The second and third books in the trilogy, titled The Secret Speech (April 2009) and Agent 6 (July 2011), respectively, also feature the protagonist Leo Demidov and his wife, Raisa.

==Reception==
The New York Times called Child 44 a "tightly woven", "ingeniously plotted", "high-voltage story". The Sunday Telegraph praised it as a "memorable debut": "the atmosphere of paranoia and paralysing fear is brilliantly portrayed and unremittingly grim". Kirkus Reviews gave it a starred review, calling it "smashing"; "nerve-wracking pace and atmosphere camouflage wild coincidences". In The Observer, Peter Guttridge praised it as a "thrilling, intense piece of fiction".

Another New York Times reviewer called it "an adequate police procedural", and a review of the paperback edition in The Guardian said "the story is exciting, but the characters and dialogue are underdeveloped, and the prose studiously bland". This view was mirrored by a further review for The Guardian, by Angus Macqueen, who stated that while "this is a compelling detective story", "the desire for the plot to encompass every element of Soviet history eventually overrides any sense of artistic seriousness". Macqueen did state that the novel "remains a real achievement" and that it delivers "all the pleasures of a brilliant airport read".

==Awards==
Child 44 has been translated into 36 languages.
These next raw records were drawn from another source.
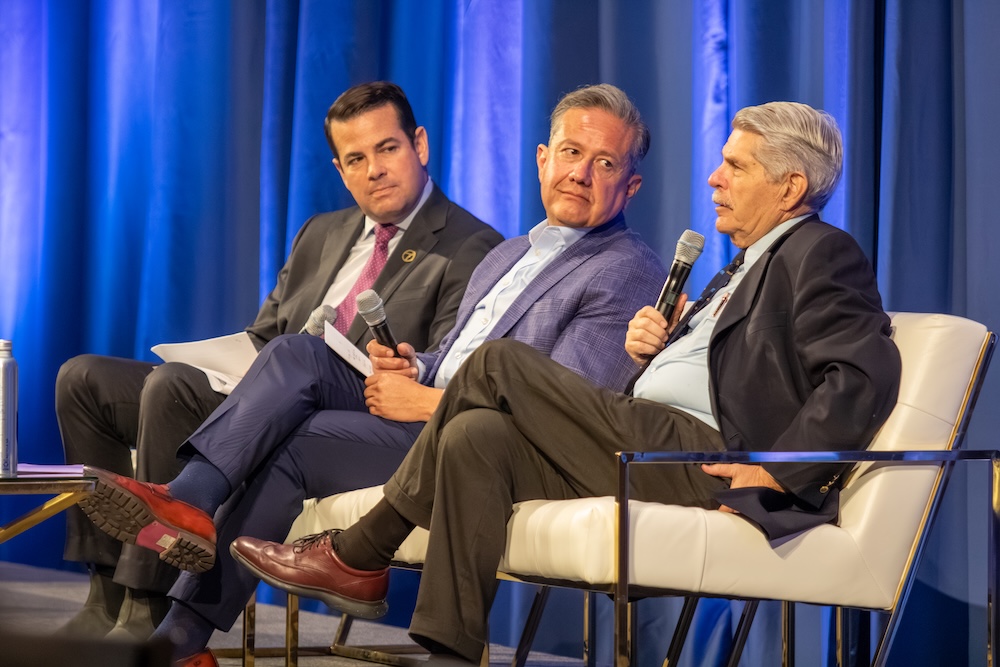 three men in suits sitting on stage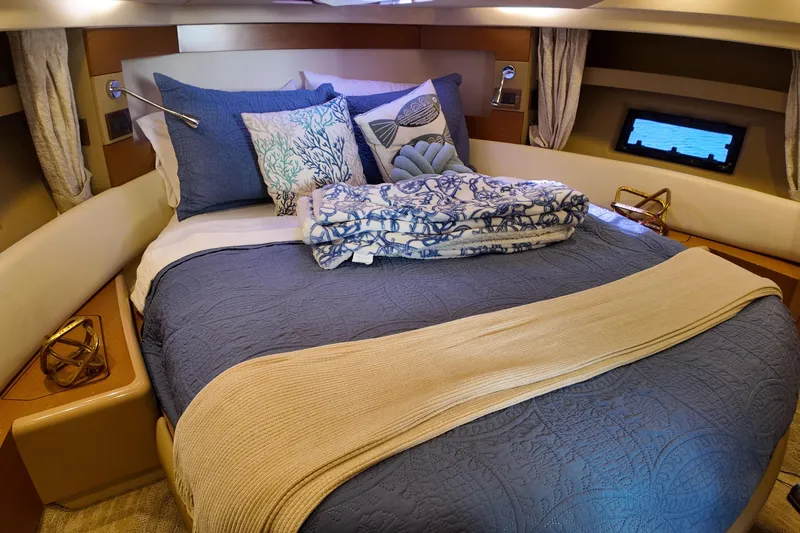  Yacht Photos Pics Luxurious bedroom interior of 2012 Azimut 40 FLY yacht with elegant bedding and decor.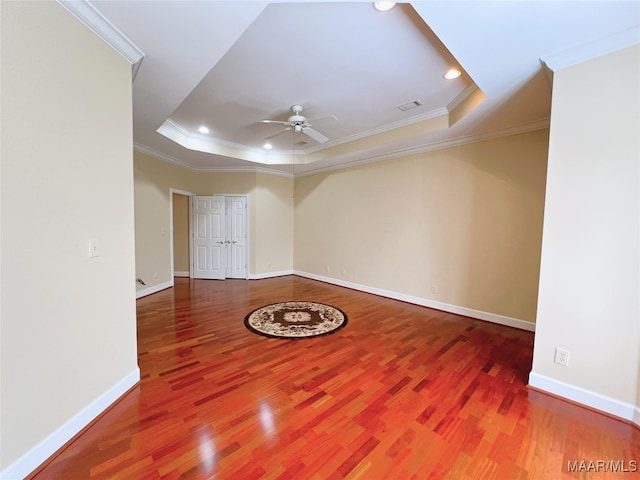 spare room with ceiling fan, hardwood / wood-style flooring, a tray ceiling, and ornamental molding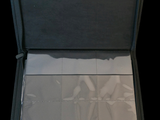 a open suitcase that has a sheet of paper inside of it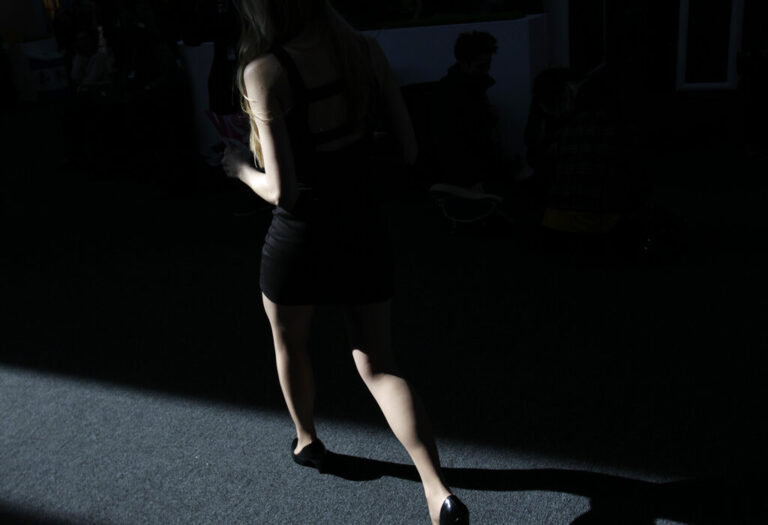 A Fashion Week attendee walk through the tents at Lincoln Center in New York, Thursday, Feb. 9, 2012.  (AP Photo/Seth Wenig)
Additionally, it was nominated for 17 international awards and won seven.

In 2008, it was named on the longlist for the Man Booker Prize, nominated for the 2008 Costa First Novel Award, and received the CWA Ian Fleming Steel Dagger for best thriller of the year from the Crime Writers' Association. It was also shortlisted for the Desmond Elliott Prize for a first novel in 2008.

Smith was awarded the 2009 British Book Award for Newcomer, and Child 44 nominated for Crime Thriller of the Year.

In July 2009, he won the Waverton Good Read Award for first novel.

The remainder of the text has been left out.